Ho iniziato a lavorare nel 1968 a 15 anni, licenziata unilateralmente nel 1991. L’INPS certifica il versamento di n. 1081 contributi settimanali complessivi dal 01/09/1968 al 16/10/1992.
Dovrei ricevere la pensione nel 2019 o 2020 (legge Fornero). L’APE volontaria prevede tre requisiti: nei primi due (anni e contributi) rientro, nel terzo (importo mensile della pensione di € 702,00) non rientro in quanto l’importo indicatomi dieci giorni fa circa da un patronato (collegatosi con i dati INPS) è di circa € 480,00 mensili (con conseguente impedimento anche dell’invio della richiesta).

In una vostra mini-guida sui requisiti pensionistici parlate di “eccezioni previste dalla legge Monti-Fornero”; in particolare di deroga stabilita dalla vecchia legge Amato, considerata dall’INPS sempre applicabile, grazie alla quale è possibile accedere alla pensione di vecchiaia con soli 15 anni di contributi. Nel mio caso dovrei poter chiedere il pagamento della pensione in quanto sono passati ben 49 anni dalla mia prima prestazione di servizio. Vi chiedo gentilmente i riferimenti della legge per poter richiedere all’INPS quanto (eventualmente) mi compete.

Barbara Weisz risponde

La Legge Amato a cui fa riferimento è il Dlgs 503/1992. Le faccio però presente che non credo si adatti al suo caso: la norma consente di andare in pensione con 15 anni di contributi (con la cosiddetta quota 96) invece che con 20 anni a determinate condizioni, ma comunque dopo aver maturato l’età anagrafica per la pensione di vecchiaia.
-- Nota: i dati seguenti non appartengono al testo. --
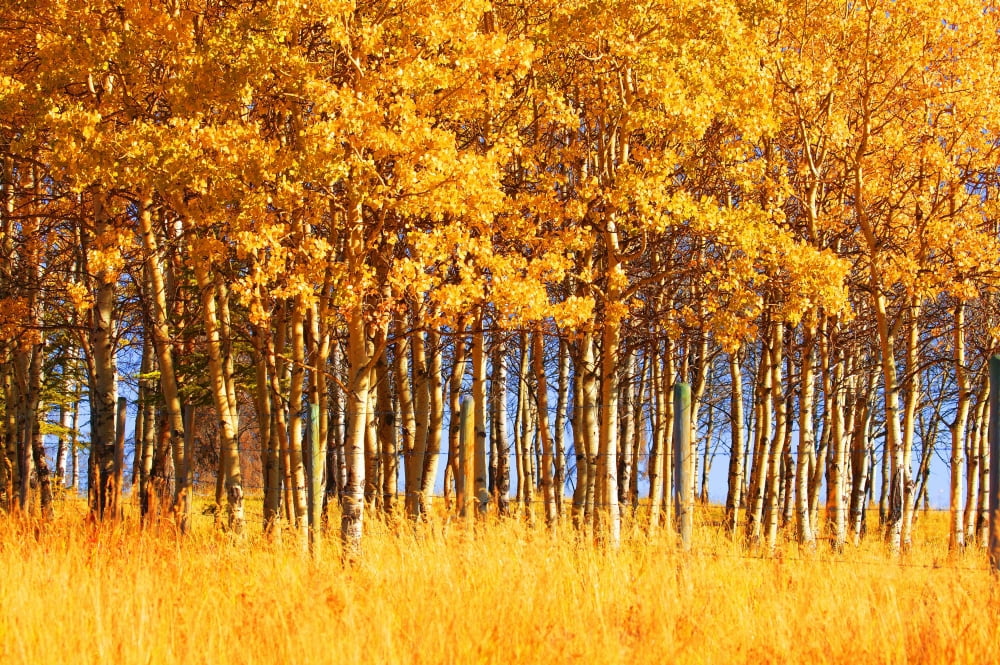 Trees In Autumn Canvas Art - Don Hammond Design Pics (17 x 11)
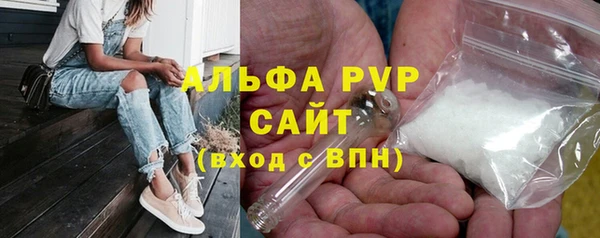 гашик Вязьма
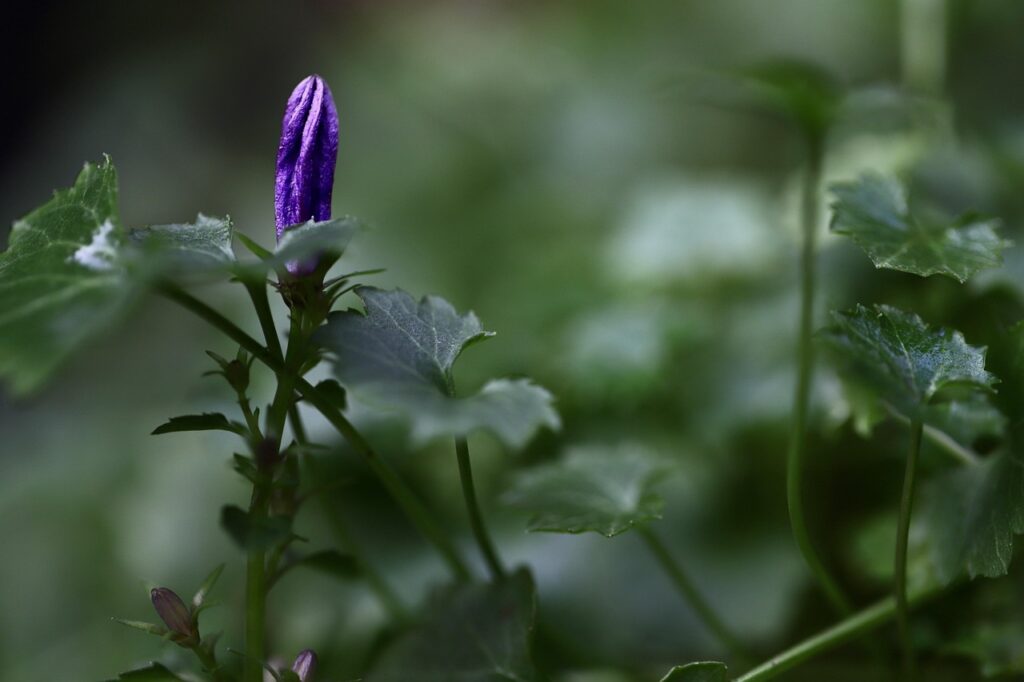 Image by Nennieinszweidrei from Pixabay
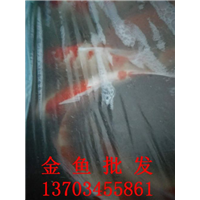 金鱼批发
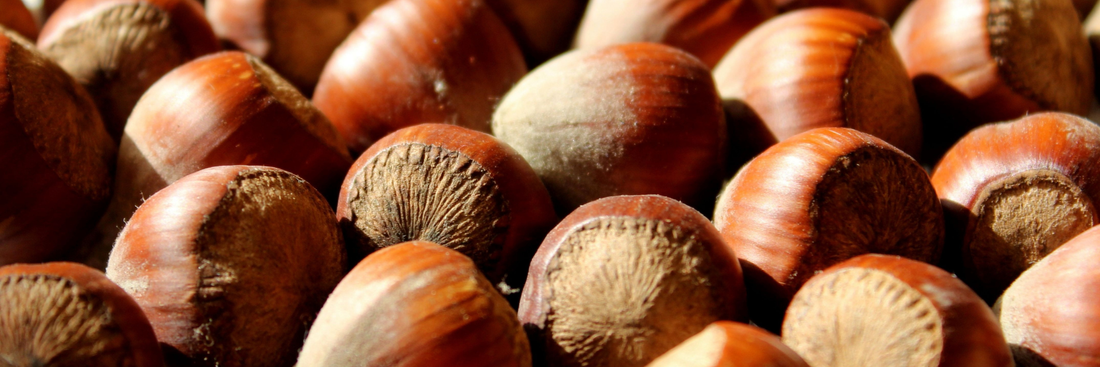 Hazelnut Flour: The Nutty, Gluten-Free Flour That Elevates Your Baking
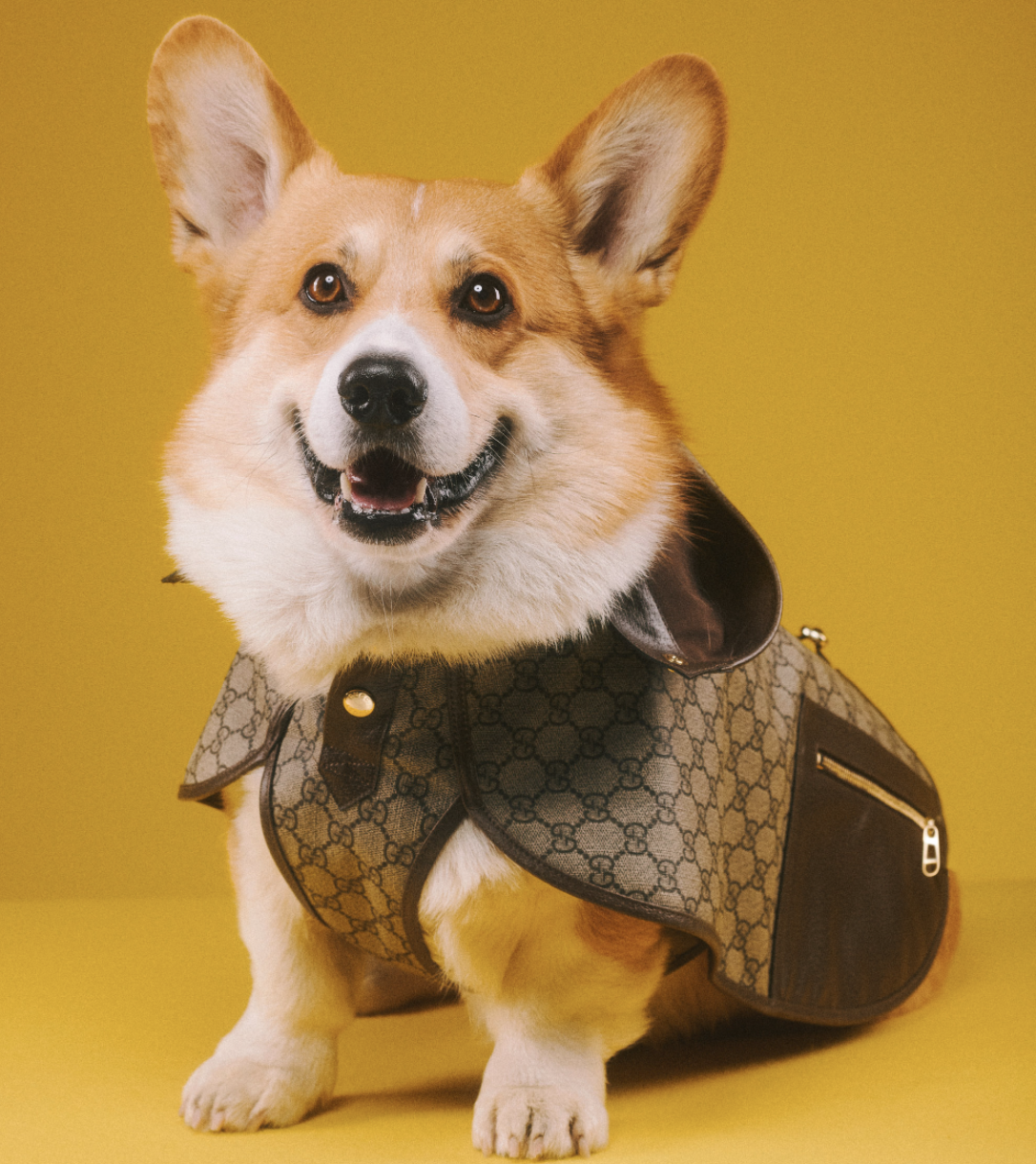 好想要變毛小孩？Gucci「Pet Collection」寵物系列用品，陪你逛街也要超有型！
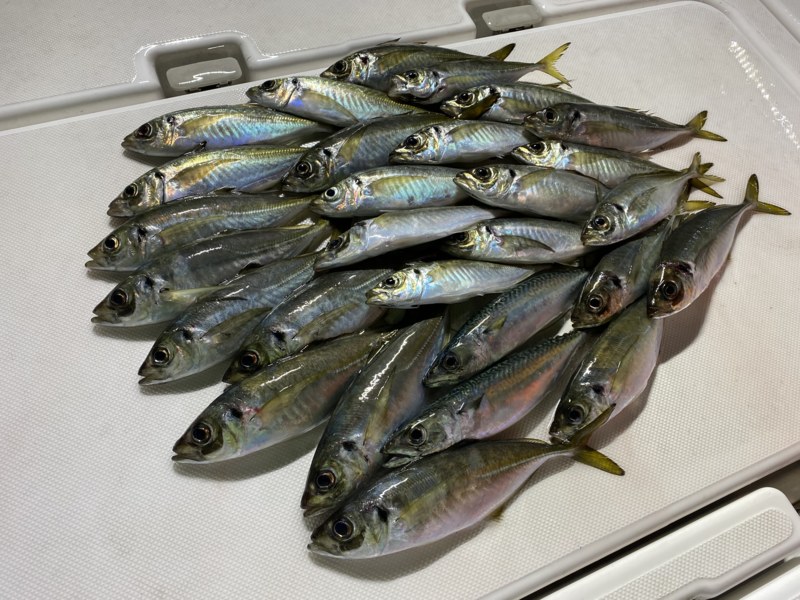 和歌山県フィッシングボートAirのボートアジングでアジ釣果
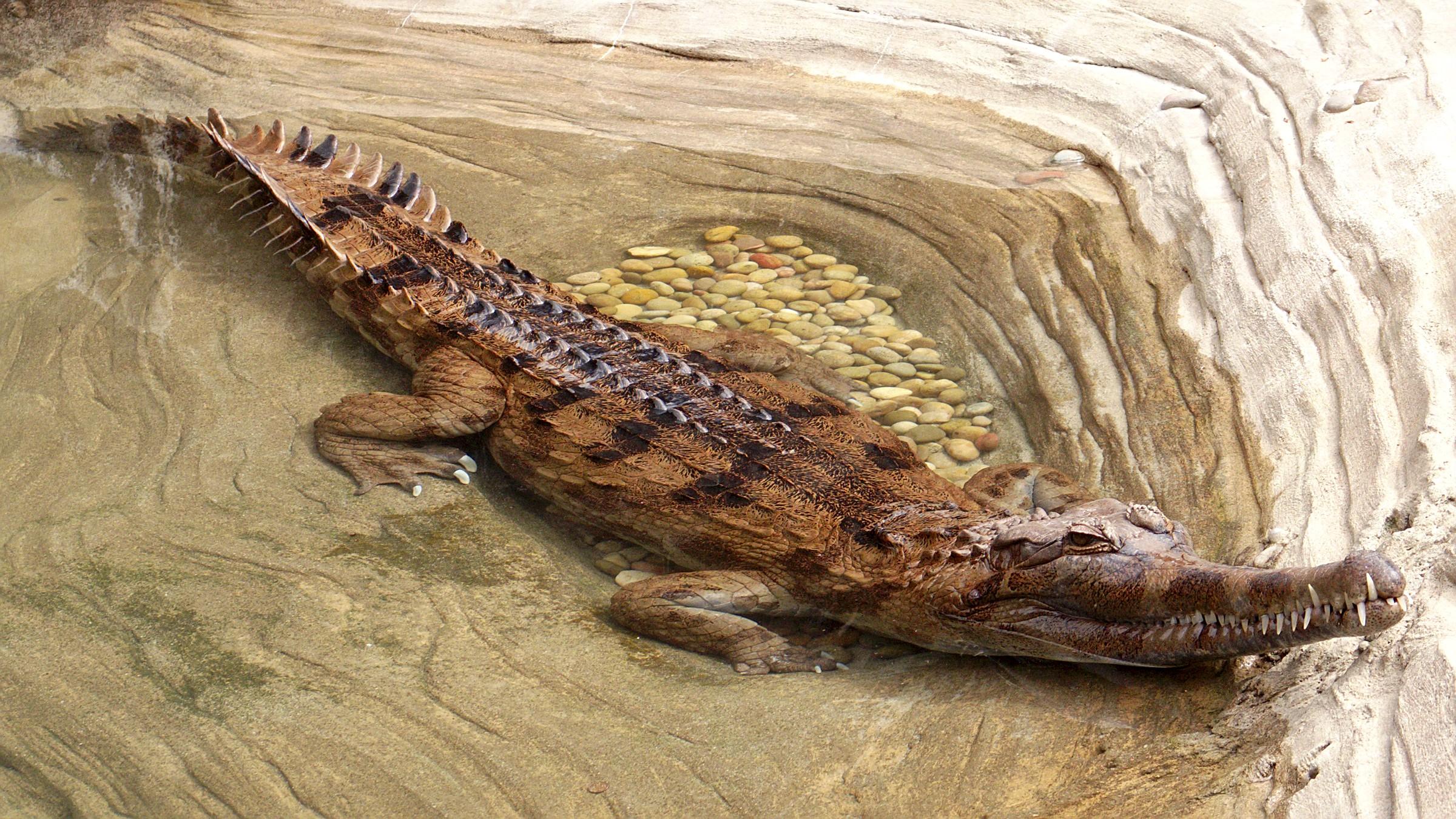 Tomistoma schlegelii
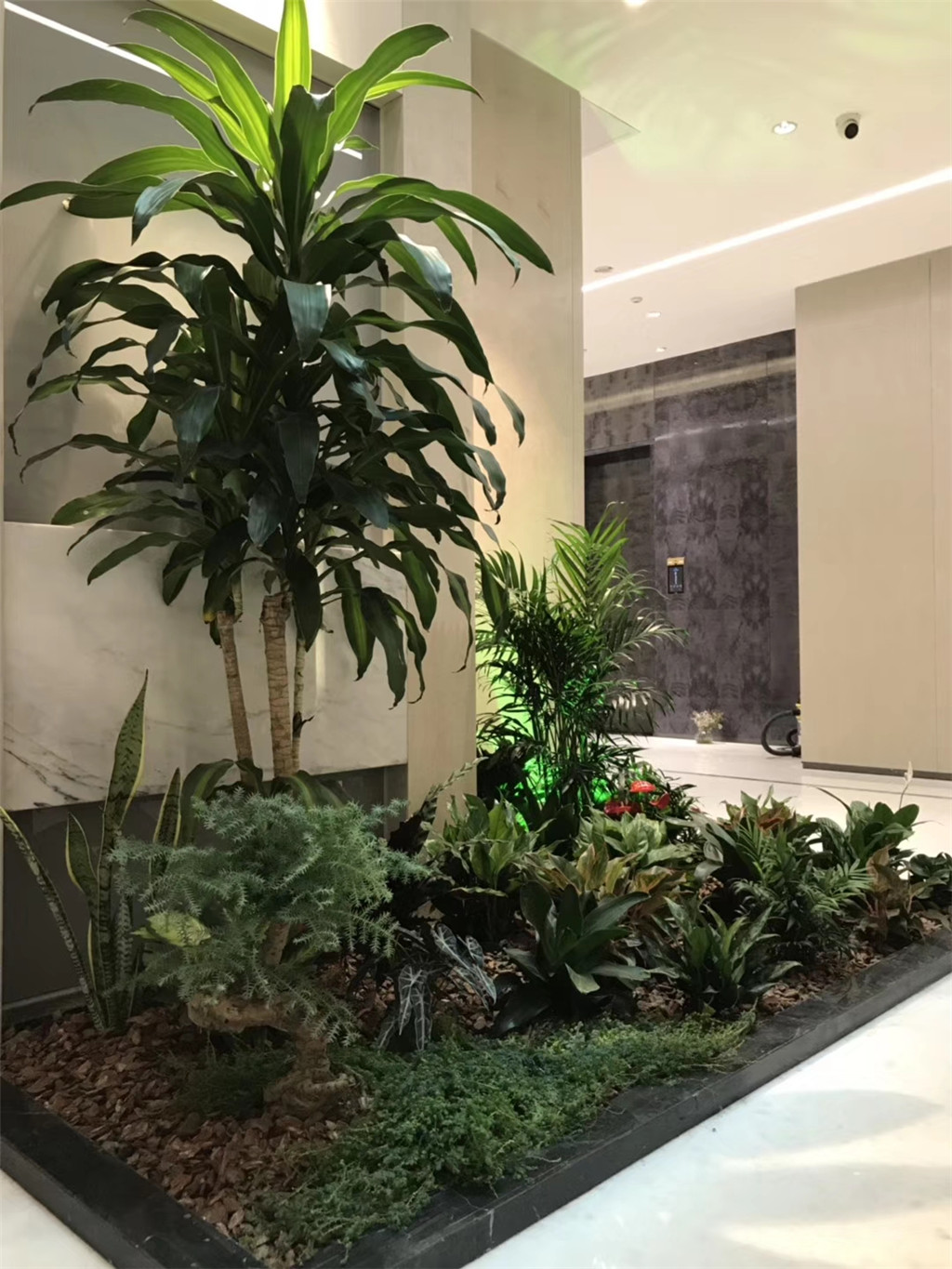 成都魔住·智慧酒店植仿真物造景装饰 (1)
In pratica, è una possibilità di andare in pensione di vecchiaia pur non avendo i 20 anni di contributi necessari.

=>Pensione Legge Amato, bastano 15 anni

Lei invece ha versato più di 20 anni di contributi, quindi quando avrà maturato l’eta anagrafica per la pensione di vecchiaia potrà percepire l’assegno previdenziale senza bisogno di ricorrere alla Legge Amato.

=> Pensione quindicenni: requisiti 2017

In effetti, non ha accesso all’APe volontaria perché la pensione da lei maturata è inferiore al minimo previsto dalla legge (che come lei giustamente ricorda è pari a 1,4 volte il minimo, circa 700 euro).